Inflation has become the number one risk factor
Inflation has become the number one risk factor for fund managers' 37% and has overtaken covid-19.. That one topped the list since February 2020 and this month drops to third place; just behind the possibility of a "taper tantrum" in the bond market, according to a survey conducted by Bank of America. In fact, 93% of investors think the risk factor indicator will rise over the next 12 months. That is up 7% month-on-month, an all-time high.
The European Central Bank (ECB) expects the inflation rate to stand at 1.51P3T in 2021.The US recorded a rate of 1.3% in February, compared to the 1% it forecast last year. While these levels do not scare respondents, 43% believes it would be critical if this were to reach 2%; being the tightening level for 10-year U.S. Treasuries, it could cause a 10% correction in values.

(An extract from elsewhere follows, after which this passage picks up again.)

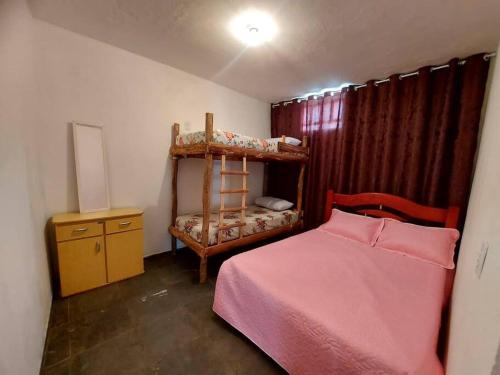 a bedroom with a bunk bed and a dresser at Casa inteira no centro de São Thomé das letras in São Thomé das Letras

To take into account the risk factor
Likewise, 48% of managers surveyed believe the economic recovery will be in a 'V' shapeThe reason why investor sentiment appears bullish, adding to the feeling of 89% of respondents. The former say global earnings are set to rise and 91% expect a stronger economy.
28% of survey participants are bullish on commodities, a level not reached since February 2011, when a barrel of Brent crude was trading above $100.
In terms of the most active investment areas, long-term technology ranks firstThe second most popular investment strategy is bitcoin, chosen by 34% of managers, followed by bitcoin, chosen by 24%, and investment with sustainable, social and good governance criteria, chosen by 15%.